Closed costero-e closed 1 year ago
Thank you @redmitry to spot that! I added another commit to fix the position of the required. Can you review it again and confirm it's correct now? Thanks.
The last piece is to return back:
"required": [
"quantityType",
"quantity"
]
😄
ok, done @redmitry , I am starting to feel the boomerang effect with this PR jaja, can you review it again? thank you!
It looks correct now. There is also an error in the the original CINECA Individuals data.
"measurementValue" : {
"quantity" : {
"unit" : {
"id" : "NCIT:C49671",
"label" : "Kilogram per Square Meter"
},
"value" : 26.63838307
}
}
while correct one must be like:
"measurementValue": {
"unit": {
"id": "NCIT:C49671",
"label": "Kilogram per Square Meter"
},
"value": 26.63838307
}
I have a fixed version: https://gitlab.bsc.es/inb/ga4gh/beacon-v2-docker-demo/-/tree/master/beacon-data
Just a note, if we want to be Phenopacket friendly, I suggest changing our schema to align with theirs. When in trouble, I follow theirs...

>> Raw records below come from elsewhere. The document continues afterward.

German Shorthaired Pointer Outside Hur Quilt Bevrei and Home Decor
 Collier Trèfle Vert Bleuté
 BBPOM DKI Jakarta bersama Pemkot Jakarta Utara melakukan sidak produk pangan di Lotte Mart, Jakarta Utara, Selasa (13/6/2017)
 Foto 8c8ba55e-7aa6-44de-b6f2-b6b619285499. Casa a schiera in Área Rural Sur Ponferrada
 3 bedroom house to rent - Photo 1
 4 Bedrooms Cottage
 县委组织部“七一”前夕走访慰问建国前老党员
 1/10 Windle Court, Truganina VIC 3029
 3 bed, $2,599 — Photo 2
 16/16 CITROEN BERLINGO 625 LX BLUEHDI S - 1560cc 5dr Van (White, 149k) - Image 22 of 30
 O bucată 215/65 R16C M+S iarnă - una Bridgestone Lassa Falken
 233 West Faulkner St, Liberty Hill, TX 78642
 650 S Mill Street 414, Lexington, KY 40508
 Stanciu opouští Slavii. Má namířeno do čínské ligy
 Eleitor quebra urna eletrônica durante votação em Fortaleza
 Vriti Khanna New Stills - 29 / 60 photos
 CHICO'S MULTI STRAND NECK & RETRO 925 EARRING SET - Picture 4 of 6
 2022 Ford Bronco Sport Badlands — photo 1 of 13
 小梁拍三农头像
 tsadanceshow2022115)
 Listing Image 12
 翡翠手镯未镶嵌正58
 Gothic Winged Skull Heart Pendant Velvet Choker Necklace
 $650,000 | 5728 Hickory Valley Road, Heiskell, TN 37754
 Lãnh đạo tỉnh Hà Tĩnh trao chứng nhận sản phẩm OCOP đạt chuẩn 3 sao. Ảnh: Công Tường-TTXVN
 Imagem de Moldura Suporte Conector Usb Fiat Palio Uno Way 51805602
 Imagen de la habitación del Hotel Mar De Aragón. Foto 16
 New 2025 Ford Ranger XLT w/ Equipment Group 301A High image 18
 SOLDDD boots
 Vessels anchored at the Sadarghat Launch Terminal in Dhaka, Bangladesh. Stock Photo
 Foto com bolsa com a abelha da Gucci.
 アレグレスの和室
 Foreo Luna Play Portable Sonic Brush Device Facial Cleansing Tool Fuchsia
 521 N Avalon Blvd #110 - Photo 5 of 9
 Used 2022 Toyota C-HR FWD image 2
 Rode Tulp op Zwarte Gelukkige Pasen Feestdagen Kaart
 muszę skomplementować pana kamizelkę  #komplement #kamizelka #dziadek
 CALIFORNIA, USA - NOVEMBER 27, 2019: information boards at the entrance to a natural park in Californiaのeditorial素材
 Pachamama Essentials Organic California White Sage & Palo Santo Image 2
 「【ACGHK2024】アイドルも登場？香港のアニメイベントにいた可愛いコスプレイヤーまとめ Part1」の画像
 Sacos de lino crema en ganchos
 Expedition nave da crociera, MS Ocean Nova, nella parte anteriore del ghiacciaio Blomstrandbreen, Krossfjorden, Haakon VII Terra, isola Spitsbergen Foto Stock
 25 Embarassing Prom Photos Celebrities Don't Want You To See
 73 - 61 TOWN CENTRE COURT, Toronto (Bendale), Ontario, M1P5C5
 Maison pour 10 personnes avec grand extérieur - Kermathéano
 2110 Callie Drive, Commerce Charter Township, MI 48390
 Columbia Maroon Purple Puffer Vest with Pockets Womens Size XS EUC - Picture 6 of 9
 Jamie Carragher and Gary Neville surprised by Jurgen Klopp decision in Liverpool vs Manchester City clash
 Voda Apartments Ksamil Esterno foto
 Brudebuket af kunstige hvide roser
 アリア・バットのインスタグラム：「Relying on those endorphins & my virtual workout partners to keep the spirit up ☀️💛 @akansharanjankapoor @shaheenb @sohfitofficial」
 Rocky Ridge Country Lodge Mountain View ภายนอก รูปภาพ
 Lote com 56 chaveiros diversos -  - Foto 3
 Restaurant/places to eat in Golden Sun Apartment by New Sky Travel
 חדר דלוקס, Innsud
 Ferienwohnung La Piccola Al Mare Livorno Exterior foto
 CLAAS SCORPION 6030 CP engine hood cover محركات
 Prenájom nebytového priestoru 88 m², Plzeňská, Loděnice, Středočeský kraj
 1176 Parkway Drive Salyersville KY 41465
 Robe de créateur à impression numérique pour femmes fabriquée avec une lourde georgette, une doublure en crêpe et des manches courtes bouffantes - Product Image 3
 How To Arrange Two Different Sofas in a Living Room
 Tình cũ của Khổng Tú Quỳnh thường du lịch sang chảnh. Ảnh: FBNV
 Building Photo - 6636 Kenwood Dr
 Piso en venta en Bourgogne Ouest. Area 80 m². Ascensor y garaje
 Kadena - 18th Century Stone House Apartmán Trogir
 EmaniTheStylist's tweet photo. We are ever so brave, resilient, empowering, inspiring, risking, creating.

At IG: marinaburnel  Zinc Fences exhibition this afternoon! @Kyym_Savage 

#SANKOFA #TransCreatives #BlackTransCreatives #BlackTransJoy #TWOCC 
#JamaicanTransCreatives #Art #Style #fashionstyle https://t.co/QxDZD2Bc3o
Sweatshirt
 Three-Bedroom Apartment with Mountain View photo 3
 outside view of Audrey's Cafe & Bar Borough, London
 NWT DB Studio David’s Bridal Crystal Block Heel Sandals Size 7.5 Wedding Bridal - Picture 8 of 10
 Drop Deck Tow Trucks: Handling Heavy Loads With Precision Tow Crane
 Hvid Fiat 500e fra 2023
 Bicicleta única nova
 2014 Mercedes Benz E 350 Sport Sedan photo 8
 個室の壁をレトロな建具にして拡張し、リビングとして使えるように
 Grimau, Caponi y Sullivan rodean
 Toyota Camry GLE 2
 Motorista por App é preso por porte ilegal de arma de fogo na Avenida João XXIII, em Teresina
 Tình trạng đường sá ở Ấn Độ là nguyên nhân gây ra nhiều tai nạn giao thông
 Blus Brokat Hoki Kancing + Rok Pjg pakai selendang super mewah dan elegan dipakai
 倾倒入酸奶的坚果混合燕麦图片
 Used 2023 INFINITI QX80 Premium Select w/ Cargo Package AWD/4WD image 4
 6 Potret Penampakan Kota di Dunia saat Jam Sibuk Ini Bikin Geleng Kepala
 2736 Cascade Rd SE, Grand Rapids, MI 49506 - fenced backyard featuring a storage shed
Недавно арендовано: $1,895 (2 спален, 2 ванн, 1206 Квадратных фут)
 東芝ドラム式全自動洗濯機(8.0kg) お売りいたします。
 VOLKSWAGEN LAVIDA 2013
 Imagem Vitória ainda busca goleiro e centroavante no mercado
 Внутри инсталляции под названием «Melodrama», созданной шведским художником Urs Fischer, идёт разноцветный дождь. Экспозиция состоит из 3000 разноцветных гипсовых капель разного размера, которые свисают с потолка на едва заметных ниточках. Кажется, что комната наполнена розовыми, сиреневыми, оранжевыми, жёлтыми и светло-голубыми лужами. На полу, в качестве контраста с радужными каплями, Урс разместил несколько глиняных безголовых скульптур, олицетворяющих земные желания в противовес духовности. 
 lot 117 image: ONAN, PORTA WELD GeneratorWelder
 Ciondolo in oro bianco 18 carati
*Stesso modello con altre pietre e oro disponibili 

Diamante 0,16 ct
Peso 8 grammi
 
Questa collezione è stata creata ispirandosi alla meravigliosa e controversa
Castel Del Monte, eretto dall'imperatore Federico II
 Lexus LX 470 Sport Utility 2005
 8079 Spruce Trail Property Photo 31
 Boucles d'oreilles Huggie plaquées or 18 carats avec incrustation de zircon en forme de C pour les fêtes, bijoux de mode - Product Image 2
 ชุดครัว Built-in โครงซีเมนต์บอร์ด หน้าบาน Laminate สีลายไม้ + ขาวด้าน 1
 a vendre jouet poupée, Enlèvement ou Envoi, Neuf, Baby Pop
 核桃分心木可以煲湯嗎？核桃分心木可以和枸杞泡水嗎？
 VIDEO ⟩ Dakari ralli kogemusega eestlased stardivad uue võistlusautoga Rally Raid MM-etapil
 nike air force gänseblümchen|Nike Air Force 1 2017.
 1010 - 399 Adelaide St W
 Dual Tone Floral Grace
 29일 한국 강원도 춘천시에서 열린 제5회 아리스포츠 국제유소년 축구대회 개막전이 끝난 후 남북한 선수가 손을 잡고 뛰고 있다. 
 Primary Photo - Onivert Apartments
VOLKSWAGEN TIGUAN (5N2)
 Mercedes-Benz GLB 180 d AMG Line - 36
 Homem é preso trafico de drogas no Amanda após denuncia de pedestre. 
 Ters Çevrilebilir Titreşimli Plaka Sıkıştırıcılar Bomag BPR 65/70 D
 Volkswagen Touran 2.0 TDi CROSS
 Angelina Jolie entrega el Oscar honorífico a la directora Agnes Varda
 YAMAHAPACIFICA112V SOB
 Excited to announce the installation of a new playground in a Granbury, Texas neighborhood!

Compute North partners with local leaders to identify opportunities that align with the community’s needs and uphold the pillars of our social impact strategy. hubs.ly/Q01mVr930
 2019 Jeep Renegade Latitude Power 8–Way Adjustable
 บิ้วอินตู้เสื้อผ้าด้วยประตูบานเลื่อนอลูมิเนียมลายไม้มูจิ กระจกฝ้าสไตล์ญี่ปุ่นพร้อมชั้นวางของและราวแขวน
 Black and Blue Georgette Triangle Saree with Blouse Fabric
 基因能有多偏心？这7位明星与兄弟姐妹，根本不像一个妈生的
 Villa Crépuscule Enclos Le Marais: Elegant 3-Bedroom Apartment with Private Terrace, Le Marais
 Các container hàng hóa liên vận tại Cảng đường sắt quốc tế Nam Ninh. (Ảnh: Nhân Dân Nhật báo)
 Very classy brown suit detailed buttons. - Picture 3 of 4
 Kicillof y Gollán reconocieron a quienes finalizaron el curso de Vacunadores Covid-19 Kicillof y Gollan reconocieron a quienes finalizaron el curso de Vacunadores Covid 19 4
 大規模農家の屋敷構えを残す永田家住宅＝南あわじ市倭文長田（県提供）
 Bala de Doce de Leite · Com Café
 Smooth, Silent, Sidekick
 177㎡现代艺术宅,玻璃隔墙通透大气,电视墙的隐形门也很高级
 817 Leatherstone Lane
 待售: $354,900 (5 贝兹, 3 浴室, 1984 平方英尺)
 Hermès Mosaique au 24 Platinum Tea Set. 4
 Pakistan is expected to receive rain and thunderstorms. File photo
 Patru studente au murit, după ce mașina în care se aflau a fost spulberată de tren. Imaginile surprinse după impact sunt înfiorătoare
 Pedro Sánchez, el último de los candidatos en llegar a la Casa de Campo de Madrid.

See: https://phenopacket-schema.readthedocs.io/en/latest/value.html
and:
https://github.com/EGA-archive/beacon2-ri-tools/issues/3
Cheers,
m
Ok, let's close this PR and discuss the individuals schema question in issues. @mbaudis can you please review and accept this PR? Thanks.
@mrueda
Just a note, if we want to be Phenopacket friendly, I suggest changing our schema to align with theirs. When in trouble, I follow theirs...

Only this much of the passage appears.